That’s Baseball, Suzyn

While I have a lot of writing forthcoming on my recent travels, I would be remiss if I did not pause to acknowledge the great John Sterling, the New York Yankees’ radio play-by-play man for the past 36 years, who sailed into retirement this past week. His abrupt departure is the end of an era. His voice was the background to countless childhood summer nights, his easy cadence and soothing baritone carrying a Yankee fan kid through the ups and downs, a nightly retreat from any school drama or other weighty affairs. After my parents and perhaps Garrison Keillor, no one was heard more in my childhood home.

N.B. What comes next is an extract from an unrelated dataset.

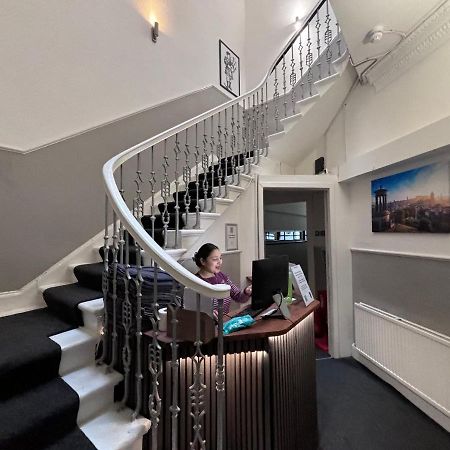 Haymarket Hostel EDI Kültér fotó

Sterling was bombastic, a welcome burst of scattershot energy in a franchise that, especially in the Hal Steinbrenner era, has tended toward corporate PR-speak in all other aspects of its managed public image. His personalized home run calls and lengthy “Theeeeeeeee Yankees win” exclamations were both delightful and nutty, sometimes bringing forth an eye roll but always a grin, and the best of them became associated with players long after they left the Yankees. In Sterling’s telling it started with a spontaneous “Bern baby Bern” for Bernie Williams, and it simply took on a life of its own from there. Whether it was an A-Bomb from A-Rod or Jorgie juicing one, a thrilla by Godzilla or Shane Spencer the home run dispenser, the Grandyman showing he can or whatever it was he sang in Italian when Giancarlo Stanton launched one, Sterling calls were an essential part of the Yankee experience.

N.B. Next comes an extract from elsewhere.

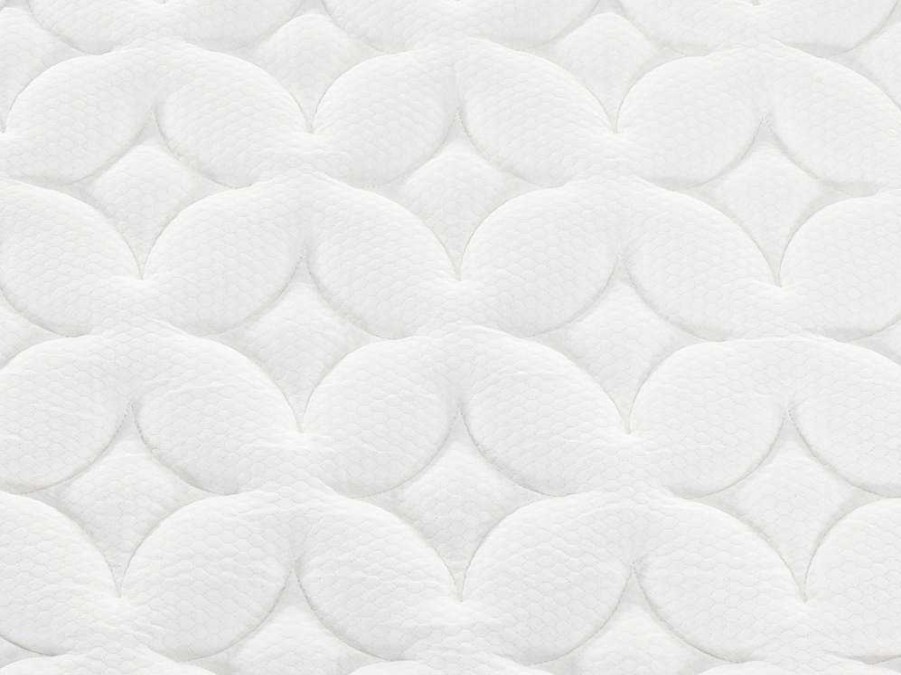 Colchao Com Memoria De Forma | DREAMEA Colchao De Molas Ensacadas Com Memoria De Forma Illusion De Dreamea Espess. 24 Cm - 160 X 200 Cm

Sterling brought a relentless exuberance to the job. Blessed with a sterling silver voice box, he seemed ageless, smoothly bringing us the action night after night, including a Gehrig-esque iron man streak of 5,060 games without missing one over a 20-year stretch. He was a professional, and while he clearly wanted the Yankees to win, he had no reservations in calling out failures, and he would give other teams their due when they deserved it. Not once did I ever get the impression he was not enjoying himself immensely. He found the job he was meant to do, and he did it with panache. There was a hint of pretense, as he dressed himself up in fancy suits for the radio and took the Yankee tradition he loved very seriously. But always did his job with the respect and the humility to recognize, even after all those years, what a fortunate man he was to be able to do what he did for so long.

Yes, details were never his strong suit. When I spent chunks of my free time in online Yankee fan spaces back in high school and college, I created a statistic, the FSHRC (Fake Sterling Home Run Call), to track the number of times he drove us all insane by launching into his home run call before ultimately being wrong. (“It is high! It is far! It is…caught at the wall.”) He had little patience for modern analytics, and his pop culture references were, charmingly, stuck on 1950s Broadway. Sterling was a true original, doing it his way and no one else’s, and that was that.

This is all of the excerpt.